Bandung — Dugaan tindakan represif aparat terhadap mahasiswa, termasuk masuk ke area kampus Universitas Islam Bandung (Unisba) dan Universitas Pasundan (Unpas) di Jalan Tamansari, Kota Bandung, Senin (1/9) malam, memicu kecaman dari berbagai kalangan.
Di Institut Teknologi Bandung (ITB), BEM KM menggelar aksi seribu lilin di Amphiteater ITB Jatinangor, Sumedang, Selasa (2/9) petang. Aksi ini diikuti mahasiswa dan civitas akademika sebagai bentuk solidaritas dan keprihatinan.
“Seribu lilin untuk keprihatinan, satu suara untuk perlawanan,” demikian tertulis dalam poster yang diunggah akun resmi BEM KM ITB.
Pernyataan Sikap BEM KM ITB
Presiden Keluarga Mahasiswa ITB Farrel Faiz Firmansyah menyebut peristiwa ini sebagai gambaran krisis demokrasi. Menurutnya, kekerasan aparat bukanlah hal baru, melainkan akibat pola kebijakan yang tidak konsisten.
Dalam sikap resminya, KM ITB mengajukan sejumlah tuntutan, antara lain:
-
Evaluasi menyeluruh terhadap kebijakan pemerintah, termasuk peninjauan ulang UU TNI, RKUHAP, dan skema ketenagakerjaan.
-
Reformasi institusi keamanan dan penghentian represivitas aparat, serta pemberian keadilan bagi korban.
-
Pengawalan kebijakan pro-rakyat, seperti RUU Perampasan Aset, RUU Ketenagakerjaan, dan RUU Pemilu.
-
Perbaikan komunikasi publik pemerintah.
-
Jaminan kebebasan berekspresi di ruang publik tanpa intimidasi aparat.
-
Dukungan terhadap 17 tuntutan rakyat dalam 1 minggu dan 8 tuntutan dalam 1 tahun yang berkembang di media sosial.
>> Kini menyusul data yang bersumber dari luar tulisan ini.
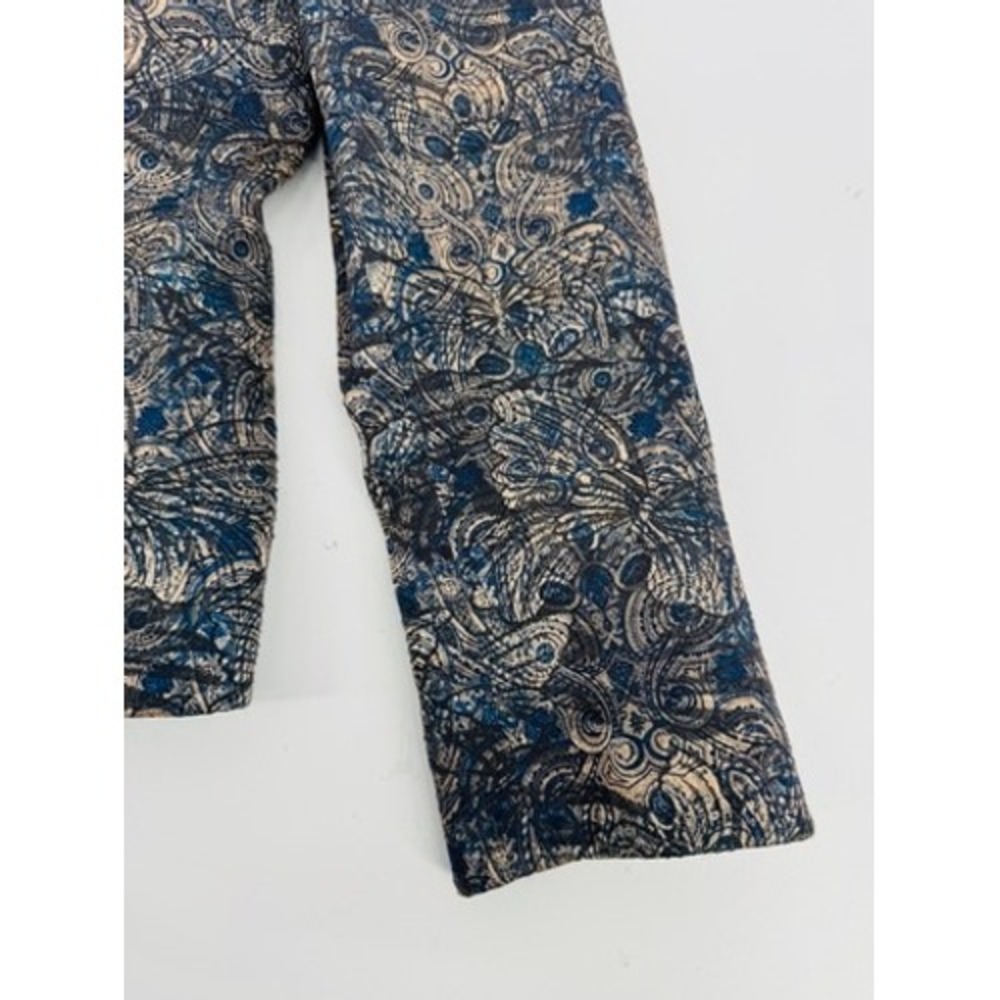 Evan-Picone Blazer Womens‎ Petite Blue Tan Paisley Tapestry 3-Button Suit Jacket - Picture 8 of 13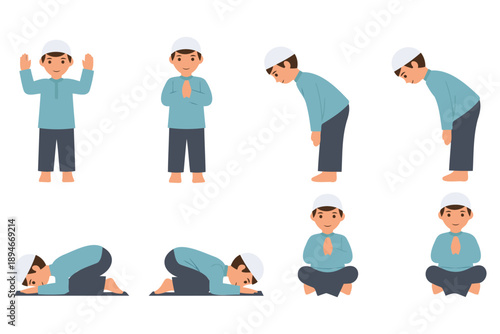 Muslim boy performing various prayer positions in a sequence of movements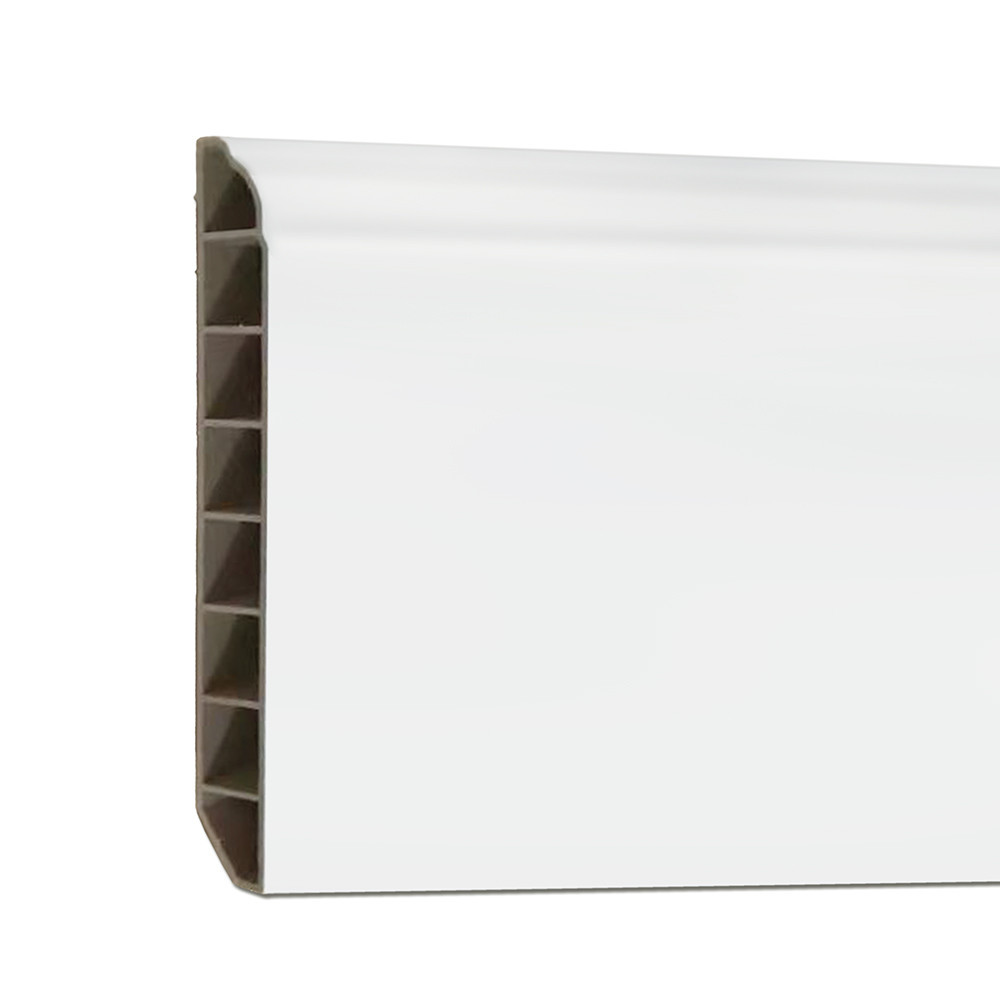 Pardoseli și placări pereți - Leziter Bordură de podea din vinil SPC Alb-zăpadă 2400x100x12 mm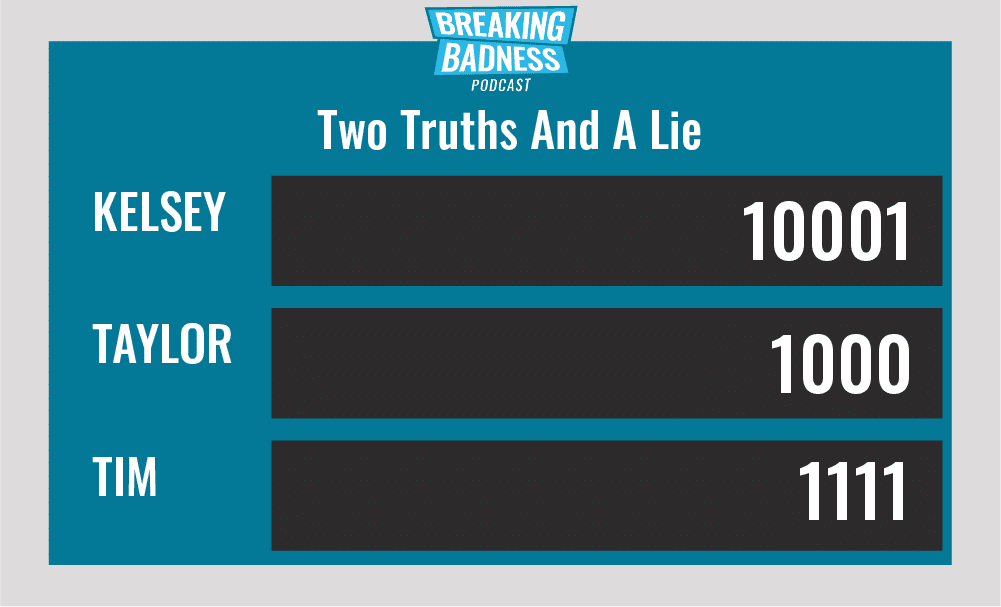 Breaking Badness Two Truths and a Lie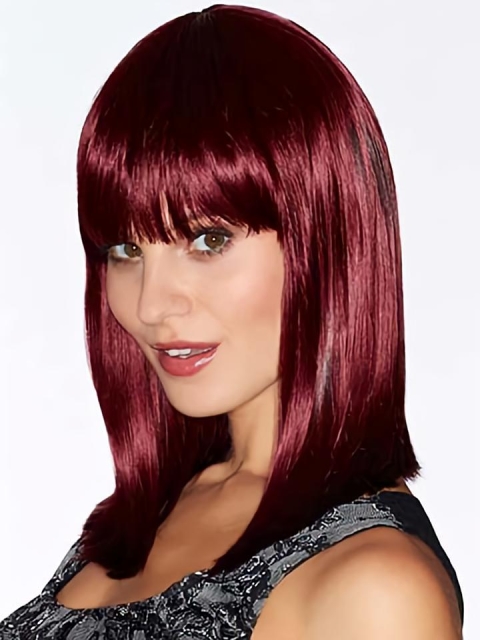 Red Medium Straight With Bangs Capless Synthetic Women Wigs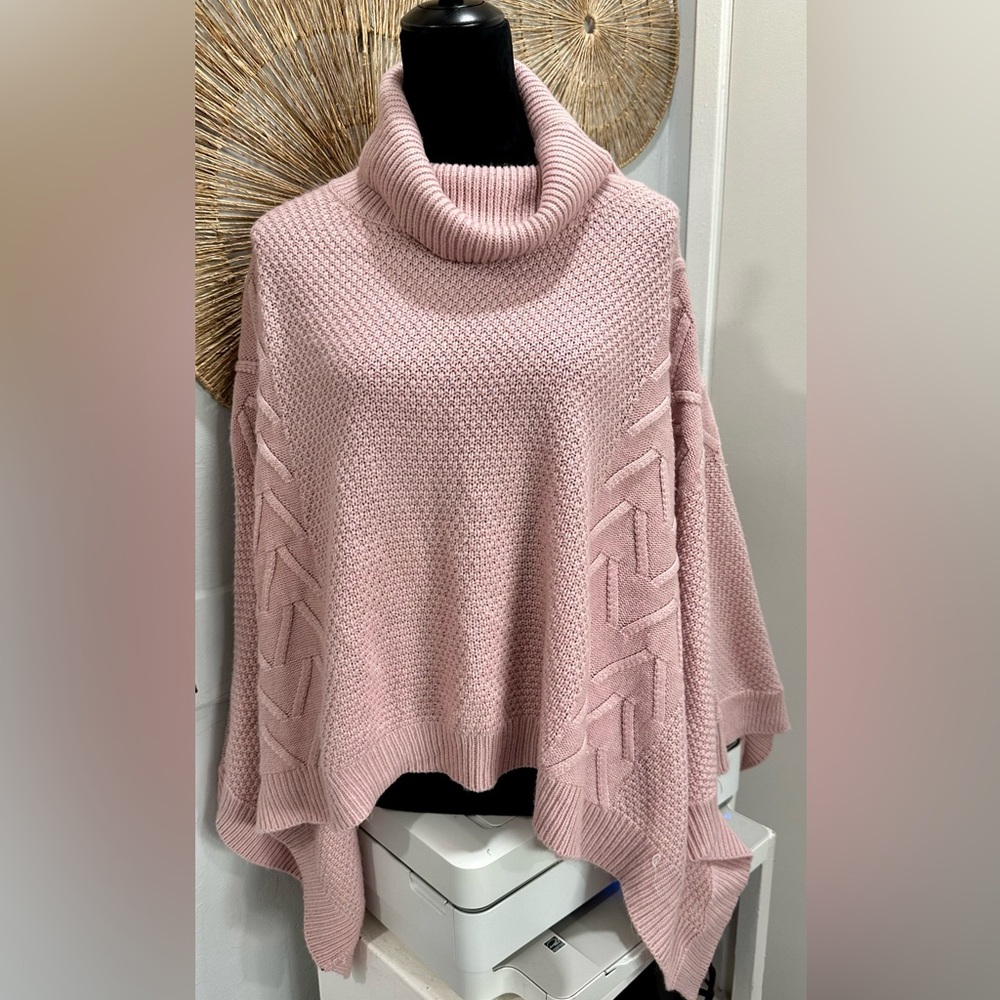 Cozy Pink Turtleneck Ponch Knit Sweater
“Pemerintah harus membuka ruang partisipasi, memperbaiki komunikasi, dan menghentikan pola represif agar krisis demokrasi tidak semakin dalam,” tegas Farrel.
Aksi BEM se-UI di Depok
Pada hari yang sama, Aliansi BEM se-UI menggelar pernyataan sikap di Tugu Makara, Kampus UI Depok.
Mereka menuntut pertanggungjawaban penuh Presiden Prabowo Subianto, Wakil Presiden Gibran Rakabuming Raka, DPR RI, TNI, dan Polri atas gejolak yang terjadi.
“Tercatat 9 rakyat Indonesia gugur dan ratusan lainnya luka-luka,” tulis pernyataan itu, sembari menyebut nama-nama korban, termasuk Affan Kurniawan, pengemudi ojek online yang tewas tertabrak kendaraan taktis Brimob.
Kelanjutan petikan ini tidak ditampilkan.